SAS Transit Fruits was entrusted with the organisation of a shipment of 24 reefer containers, including 22 containers loaded with corn cobs at a controlled temperature of +1°C, from Senegal to the UK, the maritime leg of the transport being carried out on the Mimmi Shulte. On arrival, damage was noted. The appellant insurers compensated the insured shipper, and then summoned SAS Transit fruits to the Marseille Commercial Court to reimburse EUR 53,000. The Court ordered SAS Transit Fruits to pay 4,963.76 SDRs.
The insurers appealed.
Held: Appeal allowed in respect of quantum.
SAS Transit Fruits maintains that only the original Brussels Convention (the Hague Rules) is applicable, the amended Convention (the Hague-Visby Rules) not being applicable since only the recipient country has ratified it. It also claims that the Hamburg Rules are not applicable either, since France is not a party to them.

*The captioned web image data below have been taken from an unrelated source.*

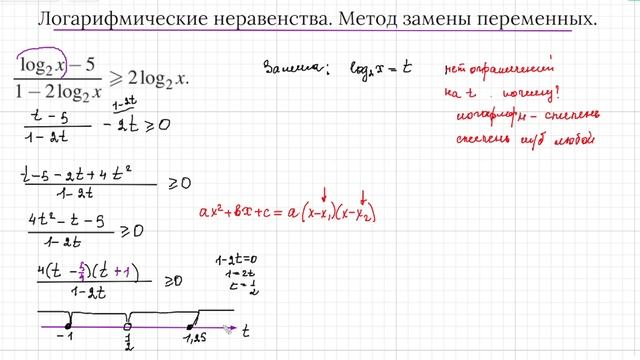 Задание 14 Математике профиль. Логарифмические неравенства. Замена выражения. ОДЗ не нужно! Думай! смотреть онлайн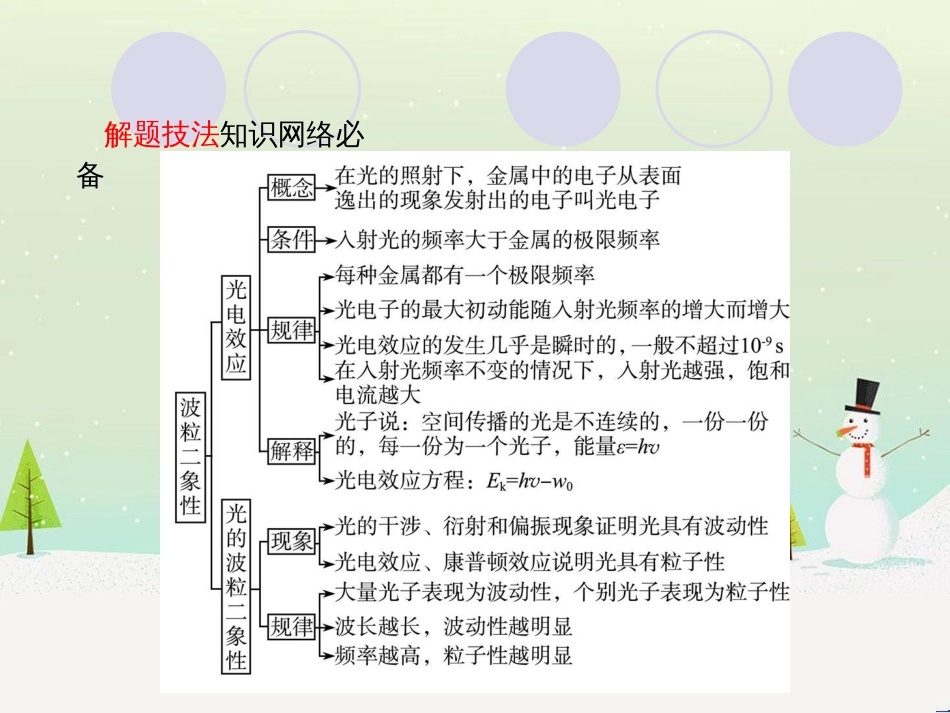 高考物理二轮复习 微专题1 平抛运动二级结论的一个妙用课件 (2)_第3页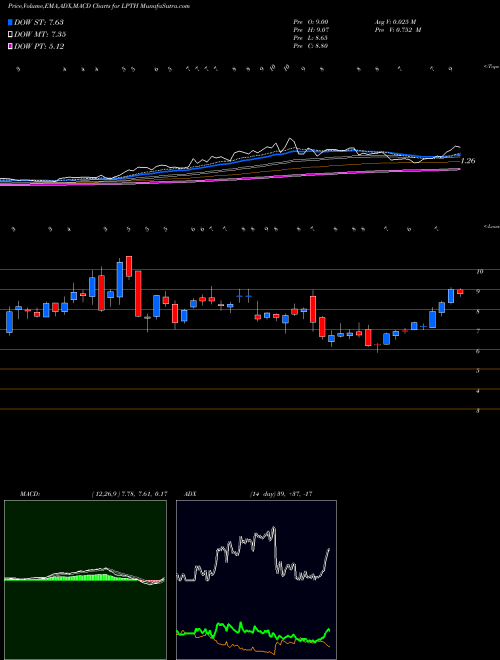 MACD charts various settings share LPTH LightPath Technologies, Inc. NASDAQ Stock exchange 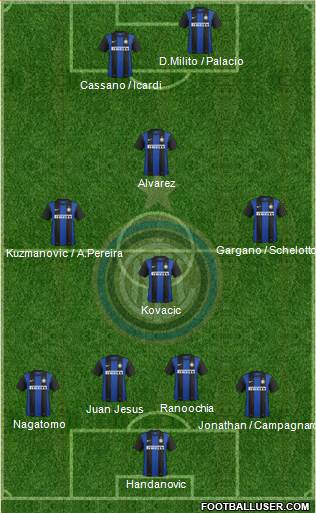 F.C. Internazionale Formation 2013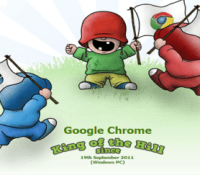 peackeeper-browser-test
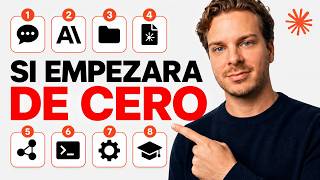 Como Aprenderia a Usar Claude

On the quantum, it maintains that the package limitation must apply since the goods were packed in bulk and the bill of lading provides, per container, for 'one batch of sweet corn'. The appellant insurers argue that the provisions of the Commercial Code relating to freight forwarders are applicable, since the Brussels Convention is only intended to govern maritime transport.
On the facts, SAS Transit Fruits acted as a freight forwarder. The rules governing the liability of a freight forwarder are set out in arts L 132-1ff of the French Commercial Code. The original or amended Brussels Convention as well as the Hamburg Rules, exclusively applicable to the maritime carrier, are therefore inoperative in this case. SAS Transit Fruits does not claim any limitation of liability, and must therefore be held fully liable for the damage suffered by the goods as assessed by the expert report.
The judgment below is therefore overturned in that it ordered Transit Fruits SAS to pay the insurers the equivalent in EUR of 4,963.76 SDRs. SAS Transit Fruits is ordered to pay the insurers the sum of EUR 53,000 with interest.